“The God who made the world and everything in it is the Lord of heaven and earth and does not live in temples built by human hands. And he is not served by human hands, as if he needed anything. Rather, he himself gives everyone life and breath and everything else. From one man he made all the nations, that they should inhabit the whole earth; and he marked out their appointed times in history and the boundaries of their lands. God did this so that they would seek him and perhaps reach out for him and find him, though he is not far from any one of us. ‘For in him we live and move and have our being.’ As some of your own poets have said, ‘We are his offspring.’
There is no question that humankind everywhere has serious differences over important matters. I am thinking particularly about religious as well as political differences, not to mention the ethnic, cultural mix.
Paul in Athens (the link gives the entire passage) was distressed over all the idols he saw, and wanted to appeal to them in proclaiming the one God and the gospel in Jesus’ death and resurrection. Paul’s appeal was made with an emphasis on what united him and the people there.
Specifically in what is quoted above, we can see a reasonable basis for accepting the landscape of the nations, even when sea-changes are occuring. What is going on surely includes God’s working, usually over time. America itself is essentially an immigrant nation, and that continues to this day. In fact one might argue that the way that is true, the basis of that is what has made the United States of America unique, while at the same time I disagree with the doctrine of American exceptionalism which many accept as fact.
But like Paul, for us in Jesus, what is at stake here is the gospel. And that included, Miroslav Volf has pointed toward a vision of human flourishing which seeks to live well with all of the differences of humanity in the world. The emphasis I’m sure needs to be on what unites us, and how even much in our differences can contribute well to the common good.
In order for us to begin to get this, we need to learn to listen, listen some more, and then be quiet, rather than always having an answer and the final word. When we may have something to say, it will then come as a part of a conversation, and people will likely be more open to what we’re saying. A case of less being more. And it will also likely be more valuable.

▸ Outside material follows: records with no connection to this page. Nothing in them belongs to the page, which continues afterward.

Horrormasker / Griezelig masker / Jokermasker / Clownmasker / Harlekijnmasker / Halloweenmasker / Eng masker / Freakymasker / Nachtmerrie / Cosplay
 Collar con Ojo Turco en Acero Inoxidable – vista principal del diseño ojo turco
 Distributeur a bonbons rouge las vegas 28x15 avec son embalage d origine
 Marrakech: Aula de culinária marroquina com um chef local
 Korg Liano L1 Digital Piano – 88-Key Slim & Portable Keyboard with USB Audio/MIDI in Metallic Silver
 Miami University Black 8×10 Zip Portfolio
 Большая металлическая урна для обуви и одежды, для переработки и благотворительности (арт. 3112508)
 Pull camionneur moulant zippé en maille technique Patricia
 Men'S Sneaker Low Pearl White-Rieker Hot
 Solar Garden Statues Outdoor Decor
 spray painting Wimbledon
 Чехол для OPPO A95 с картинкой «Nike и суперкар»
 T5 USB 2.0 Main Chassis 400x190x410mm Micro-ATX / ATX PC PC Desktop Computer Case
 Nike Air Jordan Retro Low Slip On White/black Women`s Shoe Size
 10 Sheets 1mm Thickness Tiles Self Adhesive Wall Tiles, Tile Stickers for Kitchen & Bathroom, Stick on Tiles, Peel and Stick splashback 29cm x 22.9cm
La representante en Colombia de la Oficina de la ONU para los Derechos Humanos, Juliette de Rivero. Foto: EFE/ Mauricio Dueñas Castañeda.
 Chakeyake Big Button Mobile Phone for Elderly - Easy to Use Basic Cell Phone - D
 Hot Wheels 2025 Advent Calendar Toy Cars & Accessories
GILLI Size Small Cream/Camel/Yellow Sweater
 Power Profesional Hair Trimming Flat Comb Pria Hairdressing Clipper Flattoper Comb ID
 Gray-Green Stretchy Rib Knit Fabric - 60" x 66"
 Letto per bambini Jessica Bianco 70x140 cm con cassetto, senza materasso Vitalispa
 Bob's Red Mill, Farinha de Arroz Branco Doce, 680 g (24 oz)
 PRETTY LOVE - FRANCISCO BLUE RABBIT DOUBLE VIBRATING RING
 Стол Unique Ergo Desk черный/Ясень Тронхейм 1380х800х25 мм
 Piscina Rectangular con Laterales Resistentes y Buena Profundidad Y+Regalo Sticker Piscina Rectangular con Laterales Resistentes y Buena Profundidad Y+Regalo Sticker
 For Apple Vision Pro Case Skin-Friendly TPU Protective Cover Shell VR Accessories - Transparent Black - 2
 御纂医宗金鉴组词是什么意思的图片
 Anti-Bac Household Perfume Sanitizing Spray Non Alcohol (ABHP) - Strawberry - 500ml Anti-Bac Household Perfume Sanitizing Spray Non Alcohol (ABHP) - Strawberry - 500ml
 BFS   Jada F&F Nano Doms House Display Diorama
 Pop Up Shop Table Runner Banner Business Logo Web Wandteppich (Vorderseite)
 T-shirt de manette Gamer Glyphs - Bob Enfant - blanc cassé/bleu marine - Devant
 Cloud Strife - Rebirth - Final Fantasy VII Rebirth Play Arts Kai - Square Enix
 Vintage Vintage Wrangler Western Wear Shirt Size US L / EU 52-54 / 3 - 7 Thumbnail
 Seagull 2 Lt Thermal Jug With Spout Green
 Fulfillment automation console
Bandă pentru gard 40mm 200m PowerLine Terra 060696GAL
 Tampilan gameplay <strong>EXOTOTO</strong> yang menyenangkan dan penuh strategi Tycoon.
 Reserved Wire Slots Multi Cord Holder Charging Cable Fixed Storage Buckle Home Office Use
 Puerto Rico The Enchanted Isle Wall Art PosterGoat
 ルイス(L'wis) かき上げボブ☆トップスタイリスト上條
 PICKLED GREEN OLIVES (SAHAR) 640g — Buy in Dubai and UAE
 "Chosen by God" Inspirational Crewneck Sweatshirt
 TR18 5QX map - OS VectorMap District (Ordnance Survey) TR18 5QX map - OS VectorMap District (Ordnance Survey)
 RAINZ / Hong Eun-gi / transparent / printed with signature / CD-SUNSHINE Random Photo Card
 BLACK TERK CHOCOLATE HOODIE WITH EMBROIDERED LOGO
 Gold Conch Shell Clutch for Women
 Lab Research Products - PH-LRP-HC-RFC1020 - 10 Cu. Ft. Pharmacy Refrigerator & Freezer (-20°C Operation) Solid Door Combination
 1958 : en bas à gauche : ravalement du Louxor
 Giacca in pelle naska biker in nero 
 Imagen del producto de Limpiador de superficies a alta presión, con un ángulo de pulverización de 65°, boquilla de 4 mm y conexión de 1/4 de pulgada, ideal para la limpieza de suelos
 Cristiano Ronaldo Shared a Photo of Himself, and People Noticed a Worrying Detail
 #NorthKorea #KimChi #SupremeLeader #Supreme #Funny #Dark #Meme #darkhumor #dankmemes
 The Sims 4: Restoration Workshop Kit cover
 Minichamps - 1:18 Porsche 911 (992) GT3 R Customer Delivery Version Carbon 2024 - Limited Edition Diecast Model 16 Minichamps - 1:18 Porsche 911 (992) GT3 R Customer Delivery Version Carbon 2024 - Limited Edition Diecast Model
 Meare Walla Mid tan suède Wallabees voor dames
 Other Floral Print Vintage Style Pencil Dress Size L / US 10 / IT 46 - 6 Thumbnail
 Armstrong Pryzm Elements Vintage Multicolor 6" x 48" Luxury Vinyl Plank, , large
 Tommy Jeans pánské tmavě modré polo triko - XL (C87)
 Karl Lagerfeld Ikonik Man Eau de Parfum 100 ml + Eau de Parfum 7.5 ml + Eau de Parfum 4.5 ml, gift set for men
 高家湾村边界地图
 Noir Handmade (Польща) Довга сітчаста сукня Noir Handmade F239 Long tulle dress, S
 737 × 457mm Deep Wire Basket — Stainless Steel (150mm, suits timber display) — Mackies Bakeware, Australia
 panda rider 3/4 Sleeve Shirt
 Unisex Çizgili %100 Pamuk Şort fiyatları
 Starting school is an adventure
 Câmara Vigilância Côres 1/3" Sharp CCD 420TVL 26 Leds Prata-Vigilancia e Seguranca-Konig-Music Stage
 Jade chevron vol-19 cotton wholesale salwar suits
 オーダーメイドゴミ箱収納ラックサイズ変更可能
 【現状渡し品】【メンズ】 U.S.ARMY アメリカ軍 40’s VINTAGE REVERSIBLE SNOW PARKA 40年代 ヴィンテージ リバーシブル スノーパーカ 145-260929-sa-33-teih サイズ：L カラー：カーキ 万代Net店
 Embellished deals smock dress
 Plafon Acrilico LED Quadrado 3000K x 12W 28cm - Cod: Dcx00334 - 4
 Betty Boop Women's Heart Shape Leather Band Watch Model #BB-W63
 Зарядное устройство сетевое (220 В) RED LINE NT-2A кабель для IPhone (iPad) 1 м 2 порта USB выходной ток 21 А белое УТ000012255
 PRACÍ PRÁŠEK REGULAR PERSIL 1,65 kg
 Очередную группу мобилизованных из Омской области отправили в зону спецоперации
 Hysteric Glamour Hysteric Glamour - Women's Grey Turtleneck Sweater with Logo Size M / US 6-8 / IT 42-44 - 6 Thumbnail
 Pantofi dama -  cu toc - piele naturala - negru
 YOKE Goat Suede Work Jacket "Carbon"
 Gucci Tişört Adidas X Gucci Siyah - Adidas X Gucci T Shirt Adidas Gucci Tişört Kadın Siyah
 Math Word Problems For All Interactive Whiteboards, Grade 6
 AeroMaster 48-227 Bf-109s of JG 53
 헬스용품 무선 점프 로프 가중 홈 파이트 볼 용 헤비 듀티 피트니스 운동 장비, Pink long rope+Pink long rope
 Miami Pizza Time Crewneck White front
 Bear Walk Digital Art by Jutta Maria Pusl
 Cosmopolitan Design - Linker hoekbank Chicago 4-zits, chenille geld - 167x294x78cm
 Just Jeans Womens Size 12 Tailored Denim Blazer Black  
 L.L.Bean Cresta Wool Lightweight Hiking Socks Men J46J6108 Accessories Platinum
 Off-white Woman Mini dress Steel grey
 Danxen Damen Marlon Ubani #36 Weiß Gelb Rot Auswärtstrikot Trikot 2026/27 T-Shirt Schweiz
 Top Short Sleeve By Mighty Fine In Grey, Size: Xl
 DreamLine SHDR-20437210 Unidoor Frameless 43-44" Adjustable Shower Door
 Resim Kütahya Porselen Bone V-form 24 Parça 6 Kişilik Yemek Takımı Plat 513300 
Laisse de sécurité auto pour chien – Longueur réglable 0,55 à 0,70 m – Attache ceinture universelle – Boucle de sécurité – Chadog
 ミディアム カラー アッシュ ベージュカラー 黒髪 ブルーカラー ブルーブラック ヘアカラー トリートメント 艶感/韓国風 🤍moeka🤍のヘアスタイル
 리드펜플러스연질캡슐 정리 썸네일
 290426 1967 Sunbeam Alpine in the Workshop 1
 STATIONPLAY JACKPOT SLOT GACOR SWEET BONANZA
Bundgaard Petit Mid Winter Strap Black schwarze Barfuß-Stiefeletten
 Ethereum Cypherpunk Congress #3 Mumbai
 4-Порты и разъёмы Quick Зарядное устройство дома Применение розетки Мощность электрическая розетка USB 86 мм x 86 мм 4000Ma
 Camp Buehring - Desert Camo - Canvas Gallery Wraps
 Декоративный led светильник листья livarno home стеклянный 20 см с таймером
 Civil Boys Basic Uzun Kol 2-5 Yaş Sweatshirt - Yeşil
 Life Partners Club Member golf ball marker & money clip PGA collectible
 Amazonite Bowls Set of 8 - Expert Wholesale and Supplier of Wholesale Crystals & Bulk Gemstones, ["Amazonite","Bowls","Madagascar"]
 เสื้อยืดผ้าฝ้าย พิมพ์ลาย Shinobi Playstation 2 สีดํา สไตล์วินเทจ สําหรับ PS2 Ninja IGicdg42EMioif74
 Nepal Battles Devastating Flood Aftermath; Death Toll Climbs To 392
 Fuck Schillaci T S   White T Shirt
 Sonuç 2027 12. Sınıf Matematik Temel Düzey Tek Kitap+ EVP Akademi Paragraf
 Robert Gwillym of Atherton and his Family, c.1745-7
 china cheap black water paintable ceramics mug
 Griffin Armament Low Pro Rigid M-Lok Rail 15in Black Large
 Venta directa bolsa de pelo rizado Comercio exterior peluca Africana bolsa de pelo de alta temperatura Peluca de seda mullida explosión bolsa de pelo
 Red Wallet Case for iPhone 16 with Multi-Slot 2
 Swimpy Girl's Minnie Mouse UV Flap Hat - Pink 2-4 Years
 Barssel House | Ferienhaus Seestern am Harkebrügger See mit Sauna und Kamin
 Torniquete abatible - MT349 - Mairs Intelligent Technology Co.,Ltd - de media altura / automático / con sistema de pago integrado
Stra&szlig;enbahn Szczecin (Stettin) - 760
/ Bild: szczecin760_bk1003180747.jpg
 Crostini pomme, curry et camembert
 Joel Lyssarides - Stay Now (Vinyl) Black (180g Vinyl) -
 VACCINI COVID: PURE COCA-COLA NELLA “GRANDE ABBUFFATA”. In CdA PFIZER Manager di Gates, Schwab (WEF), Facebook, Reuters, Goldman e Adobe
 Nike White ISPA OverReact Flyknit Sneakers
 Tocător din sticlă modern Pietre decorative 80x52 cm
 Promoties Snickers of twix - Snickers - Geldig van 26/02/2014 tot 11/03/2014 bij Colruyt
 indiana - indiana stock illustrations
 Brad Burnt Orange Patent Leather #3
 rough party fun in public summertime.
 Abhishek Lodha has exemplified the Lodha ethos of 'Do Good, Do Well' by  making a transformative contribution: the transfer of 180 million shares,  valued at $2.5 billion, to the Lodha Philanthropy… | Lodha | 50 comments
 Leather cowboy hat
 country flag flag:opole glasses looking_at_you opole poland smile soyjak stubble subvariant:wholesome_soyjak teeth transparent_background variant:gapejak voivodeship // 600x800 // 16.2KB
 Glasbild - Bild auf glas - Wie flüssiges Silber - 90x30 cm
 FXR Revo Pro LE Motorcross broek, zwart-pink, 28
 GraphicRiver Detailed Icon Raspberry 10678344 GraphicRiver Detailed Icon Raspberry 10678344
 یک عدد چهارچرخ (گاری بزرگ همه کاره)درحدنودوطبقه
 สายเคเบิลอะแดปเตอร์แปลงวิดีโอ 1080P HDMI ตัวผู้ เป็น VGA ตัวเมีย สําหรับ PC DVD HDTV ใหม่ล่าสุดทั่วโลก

During this presidential election season, and at this time in America, there seems to be dangerous division over important differences. And most all of those differences will be present even in the church. What is needed is an emphasis on where we agree, trying to find such even within our disagreements as in shared values. And what unites us in Jesus first and foremost is the gospel, the good news of God in Jesus for us and for the world.
Disagreement in this world and life is inevitable. “We see through a glass darkly” and “we know in part.” We should accept that, living within those tensions, and doing so with an emphasis on what we do agree on. And with the goal of being a witness by our lives, and with our words of the good news by and for which we live in and for Jesus. Everything else is important in its place, but is also secondary to us in Jesus in comparison to that. The good news that in the end will unite us with all the distinctions and different gifts we bring into that unity, in and through Jesus.